- **About this task**
Without including any pictures, reproduce all the lines below word for word.

- **Record excerpts**
######

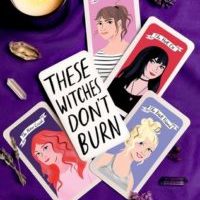 Bookish Delight #15: These Witches Don’t Burn by Isabel Sterling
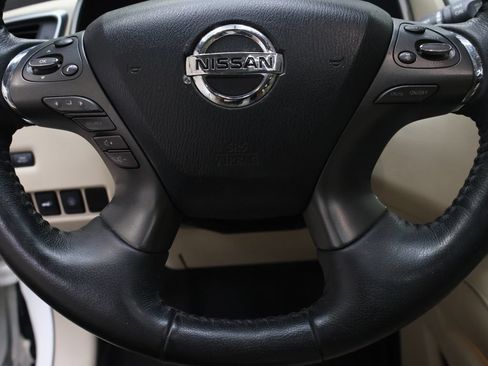 Used 2019 Nissan Murano Platinum w/ Cargo Package FWD image 18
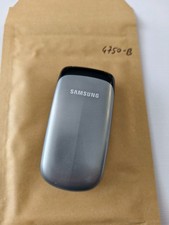 Teléfono móvil Samsung GT E1150i – negro (desbloqueado)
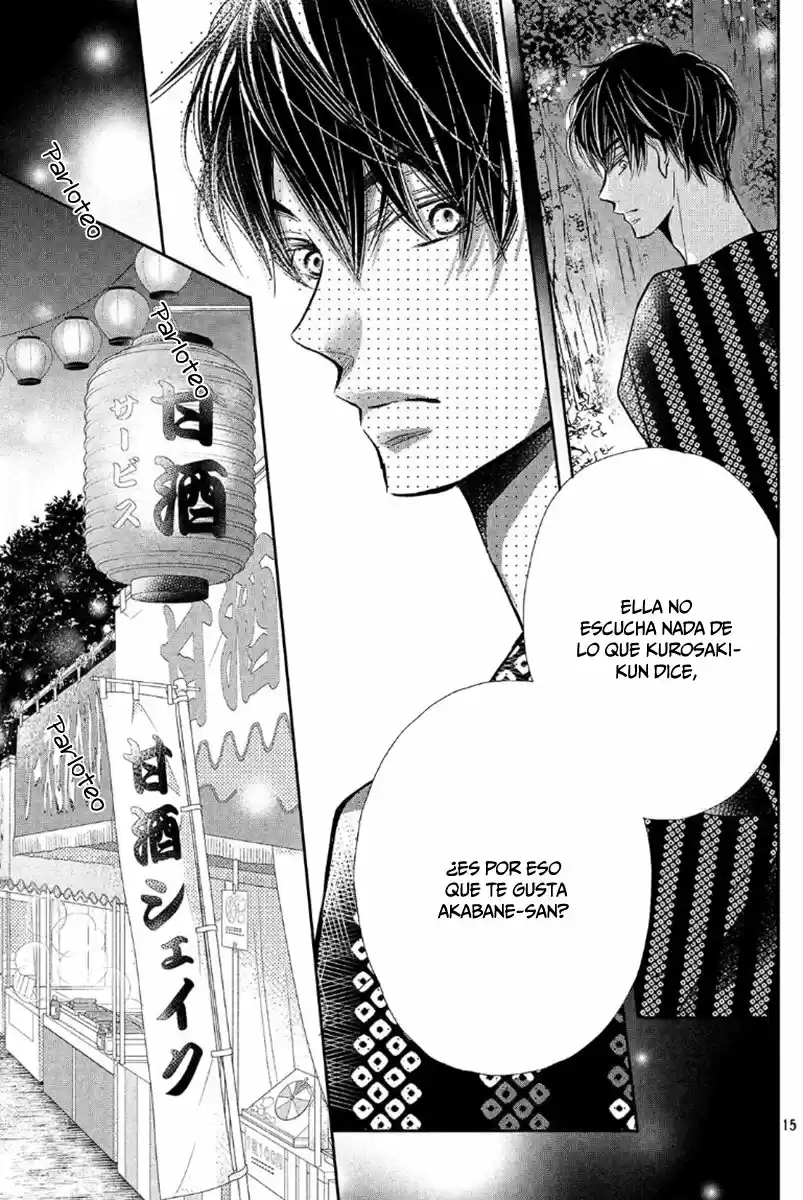 Kurosaki Kun No Iinari Ni Nante Naranai - Capítulo 54 - Página 17 - LectorTMOo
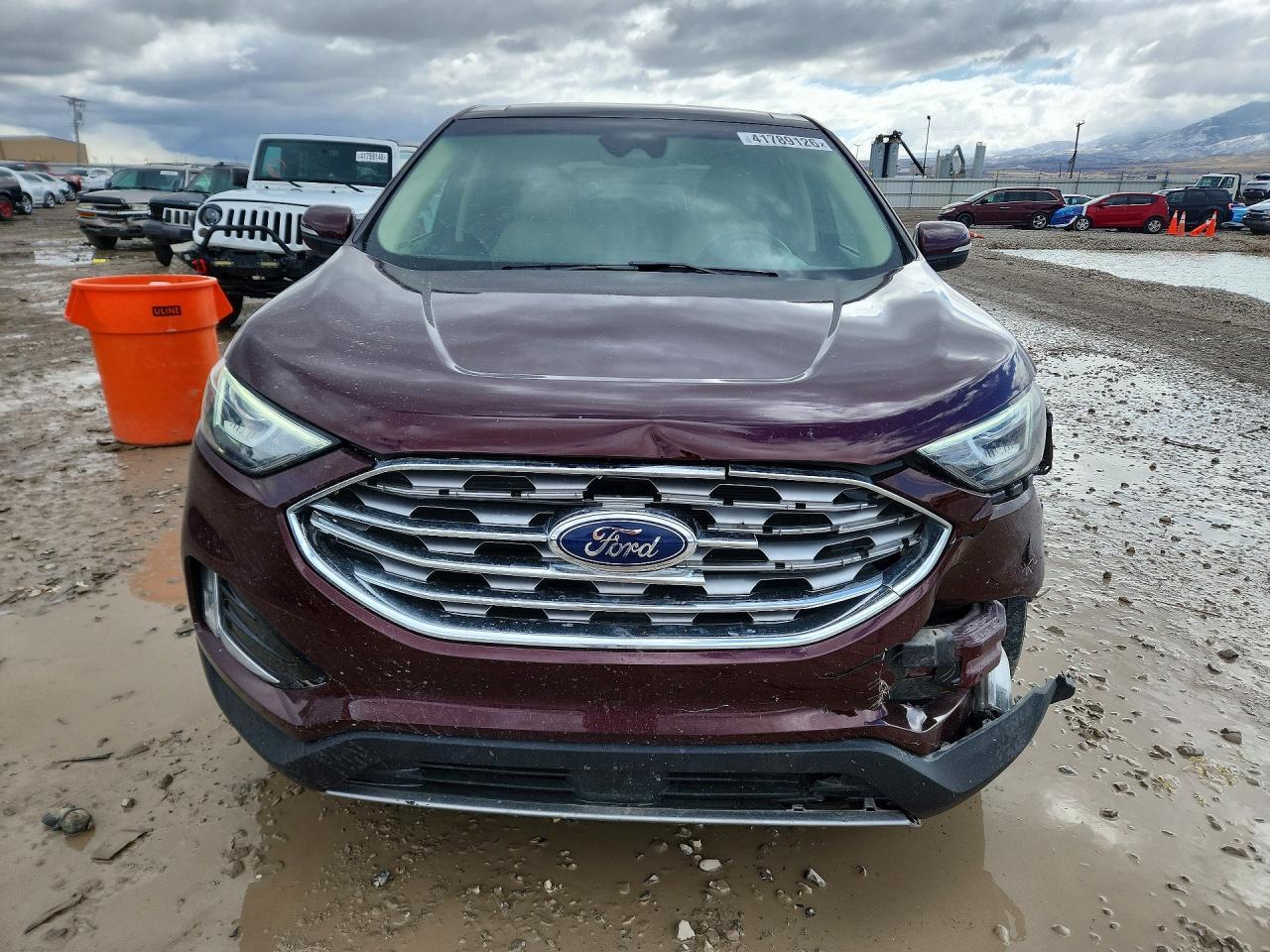 2019 Ford Edge Sel - zdjęcie 5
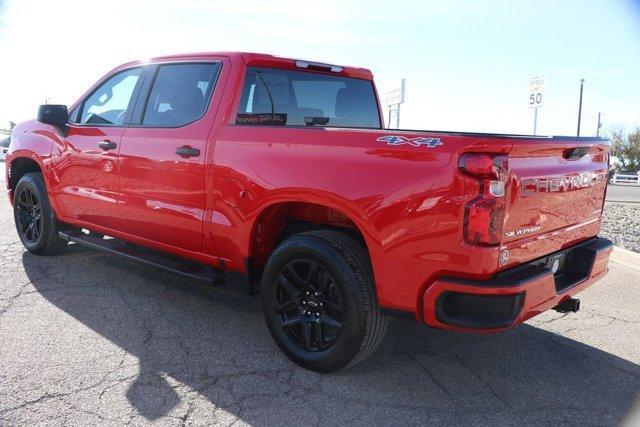 new 2025 Chevrolet Silverado 1500 car, priced at $49,935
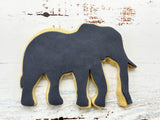 Elephant Cookie Cutter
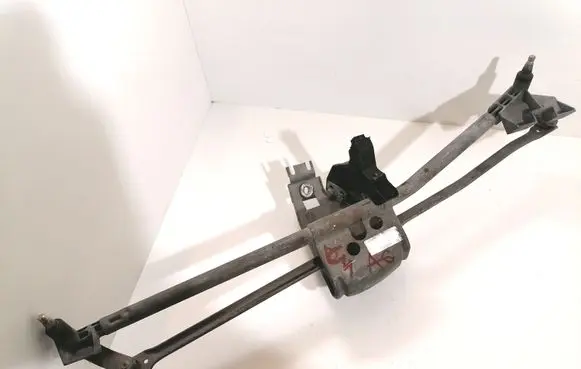 Audi A6 S6 C4 4A Front wiper linkage and motor 3397020259 4A1955023C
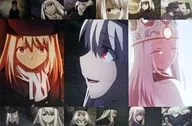 A3 Luncheon Mat "Fate/stay night [Heaven's Feel] III. Spring song×ufotable Cafe Fourth Period" Food and Desert Order benefits
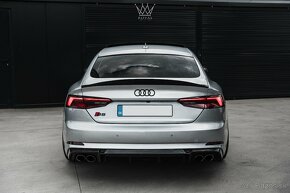 Audi S5 Sportback TFSI Carbon-paket, B&O - 7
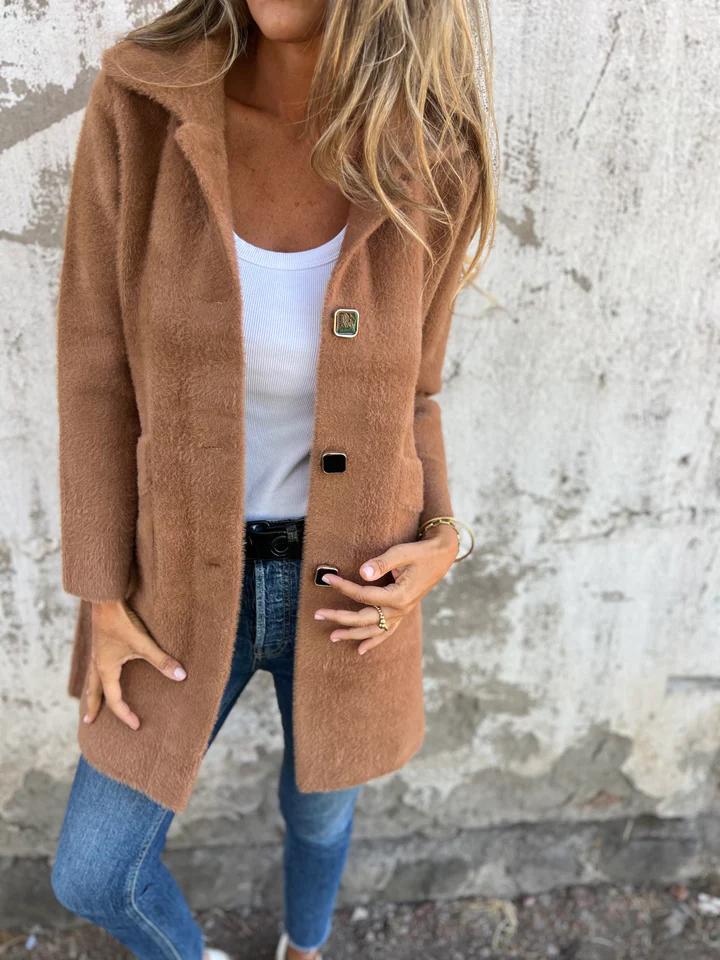 Cosima | Elegant Coat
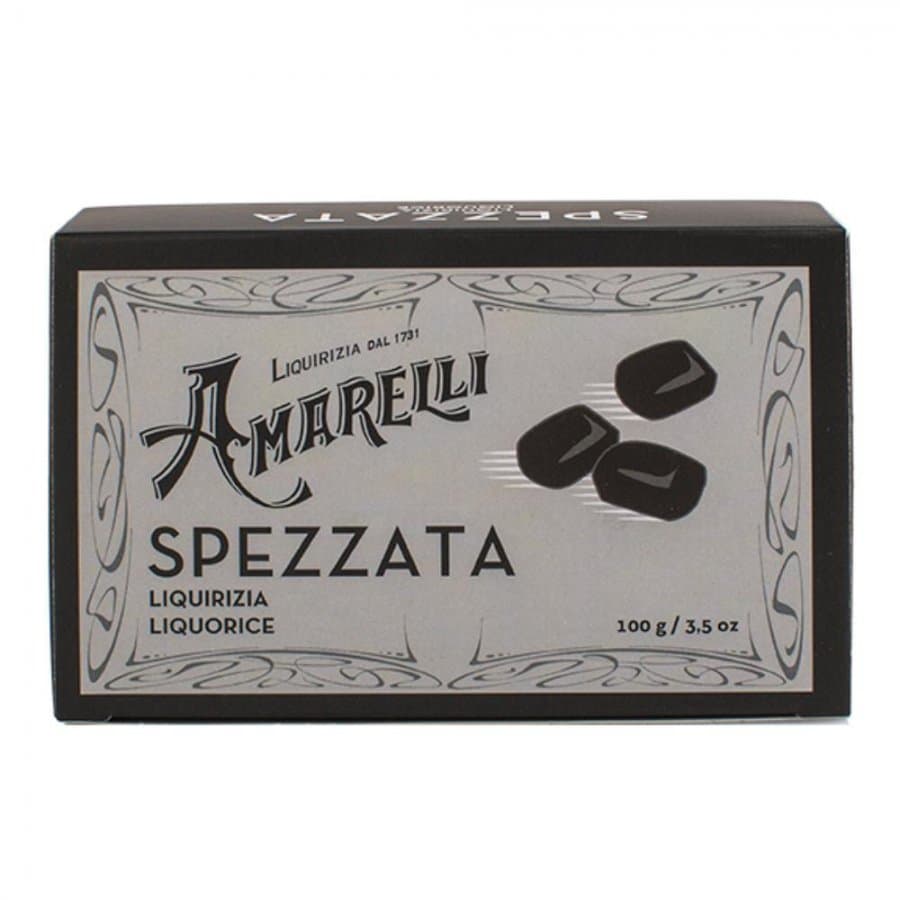 Amarelli Liquirizia Spezzata – 100 g Beutel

######

- **Result**
 Bookish Delight #15: These Witches Don’t Burn by Isabel Sterling
 Used 2019 Nissan Murano Platinum w/ Cargo Package FWD image 18
 Teléfono móvil Samsung GT E1150i – negro (desbloqueado)
 Kurosaki Kun No Iinari Ni Nante Naranai - Capítulo 54 - Página 17 - LectorTMOo
 2019 Ford Edge Sel - zdjęcie 5
 new 2025 Chevrolet Silverado 1500 car, priced at $49,935
 Elephant Cookie Cutter
 Audi A6 S6 C4 4A Front wiper linkage and motor 3397020259 4A1955023C
 A3 Luncheon Mat "Fate/stay night [Heaven's Feel] III. Spring song×ufotable Cafe Fourth Period" Food and Desert Order benefits
 Audi S5 Sportback TFSI Carbon-paket, B&O - 7
 Cosima | Elegant Coat
 Amarelli Liquirizia Spezzata – 100 g Beutel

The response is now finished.